Task statement: From the listing below, copy only the lines from the line that contains "Photo - 2506 Windmere Dr NW House" to the line that contains "Autotransportanhänger Autotransporter Autotrailer", counting those two lines as part of the copy.

_ _ _ _ _ _ _

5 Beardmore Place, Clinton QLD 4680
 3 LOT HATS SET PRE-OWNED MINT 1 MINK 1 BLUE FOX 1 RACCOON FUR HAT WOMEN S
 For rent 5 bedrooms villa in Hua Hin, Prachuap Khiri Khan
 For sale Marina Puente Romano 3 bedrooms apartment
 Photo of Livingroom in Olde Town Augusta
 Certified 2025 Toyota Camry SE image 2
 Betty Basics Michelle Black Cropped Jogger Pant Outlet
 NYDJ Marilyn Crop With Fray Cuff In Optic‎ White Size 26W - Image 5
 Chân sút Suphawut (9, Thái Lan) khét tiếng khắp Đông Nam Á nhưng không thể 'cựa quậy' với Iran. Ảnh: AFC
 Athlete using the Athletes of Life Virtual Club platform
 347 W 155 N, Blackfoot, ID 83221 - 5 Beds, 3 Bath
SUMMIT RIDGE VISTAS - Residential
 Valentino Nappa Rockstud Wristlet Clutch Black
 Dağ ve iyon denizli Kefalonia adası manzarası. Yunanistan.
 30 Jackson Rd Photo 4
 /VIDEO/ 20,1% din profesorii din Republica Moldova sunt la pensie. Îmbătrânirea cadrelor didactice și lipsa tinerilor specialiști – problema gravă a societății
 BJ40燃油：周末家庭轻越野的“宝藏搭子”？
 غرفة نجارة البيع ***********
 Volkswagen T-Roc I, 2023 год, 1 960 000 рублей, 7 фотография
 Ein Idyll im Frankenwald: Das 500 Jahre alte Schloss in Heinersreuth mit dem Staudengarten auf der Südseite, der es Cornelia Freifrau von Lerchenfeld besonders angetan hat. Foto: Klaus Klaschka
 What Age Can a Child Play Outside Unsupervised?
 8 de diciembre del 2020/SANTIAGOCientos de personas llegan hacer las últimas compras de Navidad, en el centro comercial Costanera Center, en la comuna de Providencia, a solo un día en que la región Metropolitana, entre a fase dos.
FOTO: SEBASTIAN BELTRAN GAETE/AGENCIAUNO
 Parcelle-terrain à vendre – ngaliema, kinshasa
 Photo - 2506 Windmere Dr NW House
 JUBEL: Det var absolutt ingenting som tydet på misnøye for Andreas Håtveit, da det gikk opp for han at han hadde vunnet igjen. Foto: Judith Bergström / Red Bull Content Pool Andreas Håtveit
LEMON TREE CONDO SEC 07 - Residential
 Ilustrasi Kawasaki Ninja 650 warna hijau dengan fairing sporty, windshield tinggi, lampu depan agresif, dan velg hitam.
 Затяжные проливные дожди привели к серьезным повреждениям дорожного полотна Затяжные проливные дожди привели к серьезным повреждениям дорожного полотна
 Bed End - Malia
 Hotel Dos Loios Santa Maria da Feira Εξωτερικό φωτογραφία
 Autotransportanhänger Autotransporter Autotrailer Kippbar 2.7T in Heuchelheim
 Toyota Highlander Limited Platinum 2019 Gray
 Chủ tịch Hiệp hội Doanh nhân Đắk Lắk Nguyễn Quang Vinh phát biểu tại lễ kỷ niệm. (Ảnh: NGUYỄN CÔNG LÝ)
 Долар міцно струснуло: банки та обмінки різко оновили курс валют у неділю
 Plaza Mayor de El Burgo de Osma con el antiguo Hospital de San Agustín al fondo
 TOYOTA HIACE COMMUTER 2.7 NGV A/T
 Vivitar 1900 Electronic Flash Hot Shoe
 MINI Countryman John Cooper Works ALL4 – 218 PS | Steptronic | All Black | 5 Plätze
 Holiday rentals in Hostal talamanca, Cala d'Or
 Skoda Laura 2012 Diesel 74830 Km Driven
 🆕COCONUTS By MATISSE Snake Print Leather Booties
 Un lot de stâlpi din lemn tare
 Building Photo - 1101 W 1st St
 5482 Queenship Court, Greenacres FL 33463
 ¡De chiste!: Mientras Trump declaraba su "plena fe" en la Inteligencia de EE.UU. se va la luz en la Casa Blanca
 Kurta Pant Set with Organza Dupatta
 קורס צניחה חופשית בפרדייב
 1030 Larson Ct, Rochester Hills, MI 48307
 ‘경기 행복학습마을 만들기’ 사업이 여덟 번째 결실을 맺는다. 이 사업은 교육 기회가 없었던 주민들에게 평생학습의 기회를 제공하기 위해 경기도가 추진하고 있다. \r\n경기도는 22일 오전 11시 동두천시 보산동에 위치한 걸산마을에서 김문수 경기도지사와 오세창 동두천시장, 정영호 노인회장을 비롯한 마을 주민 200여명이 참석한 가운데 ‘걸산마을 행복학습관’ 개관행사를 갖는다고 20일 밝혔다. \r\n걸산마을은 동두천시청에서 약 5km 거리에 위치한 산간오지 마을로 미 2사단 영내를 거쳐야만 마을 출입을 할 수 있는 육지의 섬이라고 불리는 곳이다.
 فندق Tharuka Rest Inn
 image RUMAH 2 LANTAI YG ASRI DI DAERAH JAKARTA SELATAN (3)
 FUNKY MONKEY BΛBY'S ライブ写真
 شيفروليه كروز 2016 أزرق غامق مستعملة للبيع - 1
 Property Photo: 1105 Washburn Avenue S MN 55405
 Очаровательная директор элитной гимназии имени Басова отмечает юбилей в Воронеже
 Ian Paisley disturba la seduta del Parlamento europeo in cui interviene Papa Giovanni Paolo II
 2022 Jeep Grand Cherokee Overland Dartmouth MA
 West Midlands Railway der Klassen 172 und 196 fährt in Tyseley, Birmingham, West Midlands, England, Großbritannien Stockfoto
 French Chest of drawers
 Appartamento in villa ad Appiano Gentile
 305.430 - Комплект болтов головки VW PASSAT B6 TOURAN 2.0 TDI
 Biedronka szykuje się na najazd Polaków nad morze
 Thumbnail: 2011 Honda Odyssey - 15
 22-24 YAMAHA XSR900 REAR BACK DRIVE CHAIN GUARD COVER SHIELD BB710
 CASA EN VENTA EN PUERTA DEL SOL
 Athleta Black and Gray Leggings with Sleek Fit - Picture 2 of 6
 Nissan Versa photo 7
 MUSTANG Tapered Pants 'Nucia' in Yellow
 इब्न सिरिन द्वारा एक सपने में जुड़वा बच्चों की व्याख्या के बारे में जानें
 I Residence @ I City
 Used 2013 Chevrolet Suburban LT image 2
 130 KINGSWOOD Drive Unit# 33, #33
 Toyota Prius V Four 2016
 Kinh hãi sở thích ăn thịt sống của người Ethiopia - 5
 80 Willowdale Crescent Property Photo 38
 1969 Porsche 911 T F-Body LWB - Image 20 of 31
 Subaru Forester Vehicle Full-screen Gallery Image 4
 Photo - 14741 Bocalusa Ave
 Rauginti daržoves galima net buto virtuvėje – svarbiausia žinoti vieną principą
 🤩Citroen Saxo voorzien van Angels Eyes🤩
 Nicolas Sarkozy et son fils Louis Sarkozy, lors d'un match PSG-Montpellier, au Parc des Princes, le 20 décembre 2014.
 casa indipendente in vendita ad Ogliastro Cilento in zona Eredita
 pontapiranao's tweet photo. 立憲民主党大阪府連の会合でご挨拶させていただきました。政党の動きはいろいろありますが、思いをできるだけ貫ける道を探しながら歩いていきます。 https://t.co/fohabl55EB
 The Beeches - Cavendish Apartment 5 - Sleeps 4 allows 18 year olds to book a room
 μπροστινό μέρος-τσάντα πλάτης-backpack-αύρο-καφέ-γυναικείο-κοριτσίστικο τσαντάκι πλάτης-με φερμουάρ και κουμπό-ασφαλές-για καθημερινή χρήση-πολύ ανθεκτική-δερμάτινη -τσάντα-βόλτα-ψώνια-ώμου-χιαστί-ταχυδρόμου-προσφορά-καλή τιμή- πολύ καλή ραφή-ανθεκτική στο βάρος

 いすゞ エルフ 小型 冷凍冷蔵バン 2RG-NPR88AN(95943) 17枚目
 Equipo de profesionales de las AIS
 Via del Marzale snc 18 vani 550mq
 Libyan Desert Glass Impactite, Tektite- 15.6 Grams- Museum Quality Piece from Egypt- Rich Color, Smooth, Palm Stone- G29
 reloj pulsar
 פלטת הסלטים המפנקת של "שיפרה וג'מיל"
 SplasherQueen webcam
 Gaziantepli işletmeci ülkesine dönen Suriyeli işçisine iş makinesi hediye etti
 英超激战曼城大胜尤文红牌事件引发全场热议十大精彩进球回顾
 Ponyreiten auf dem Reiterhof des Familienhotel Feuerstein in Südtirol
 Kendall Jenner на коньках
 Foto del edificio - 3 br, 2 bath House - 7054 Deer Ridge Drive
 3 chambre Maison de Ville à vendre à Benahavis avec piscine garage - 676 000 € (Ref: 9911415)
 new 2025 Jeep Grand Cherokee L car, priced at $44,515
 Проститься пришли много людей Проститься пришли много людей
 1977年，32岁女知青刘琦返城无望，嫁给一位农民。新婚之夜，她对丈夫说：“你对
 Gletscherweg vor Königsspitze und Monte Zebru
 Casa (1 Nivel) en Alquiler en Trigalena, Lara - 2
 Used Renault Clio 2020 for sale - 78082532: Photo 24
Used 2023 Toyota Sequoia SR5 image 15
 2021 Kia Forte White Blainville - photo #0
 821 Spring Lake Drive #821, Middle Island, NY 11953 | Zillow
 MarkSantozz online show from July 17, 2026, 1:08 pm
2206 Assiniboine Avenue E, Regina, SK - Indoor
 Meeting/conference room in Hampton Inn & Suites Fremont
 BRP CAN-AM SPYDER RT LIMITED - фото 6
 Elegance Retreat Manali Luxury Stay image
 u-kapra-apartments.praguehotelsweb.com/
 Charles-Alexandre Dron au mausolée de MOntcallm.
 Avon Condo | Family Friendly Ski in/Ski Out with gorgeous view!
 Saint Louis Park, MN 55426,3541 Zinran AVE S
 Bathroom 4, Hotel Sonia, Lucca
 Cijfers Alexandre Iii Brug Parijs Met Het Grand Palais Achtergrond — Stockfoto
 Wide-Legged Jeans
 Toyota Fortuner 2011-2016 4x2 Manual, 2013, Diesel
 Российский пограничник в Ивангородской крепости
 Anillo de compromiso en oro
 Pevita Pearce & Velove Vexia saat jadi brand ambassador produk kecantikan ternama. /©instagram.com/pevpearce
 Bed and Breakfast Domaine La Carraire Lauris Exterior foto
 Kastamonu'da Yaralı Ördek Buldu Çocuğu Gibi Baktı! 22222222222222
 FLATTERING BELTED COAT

_ _ _ _ _ _ _

Answer space:
 Photo - 2506 Windmere Dr NW House
 JUBEL: Det var absolutt ingenting som tydet på misnøye for Andreas Håtveit, da det gikk opp for han at han hadde vunnet igjen. Foto: Judith Bergström / Red Bull Content Pool Andreas Håtveit
LEMON TREE CONDO SEC 07 - Residential
 Ilustrasi Kawasaki Ninja 650 warna hijau dengan fairing sporty, windshield tinggi, lampu depan agresif, dan velg hitam.
 Затяжные проливные дожди привели к серьезным повреждениям дорожного полотна Затяжные проливные дожди привели к серьезным повреждениям дорожного полотна
 Bed End - Malia
 Hotel Dos Loios Santa Maria da Feira Εξωτερικό φωτογραφία
 Autotransportanhänger Autotransporter Autotrailer Kippbar 2.7T in Heuchelheim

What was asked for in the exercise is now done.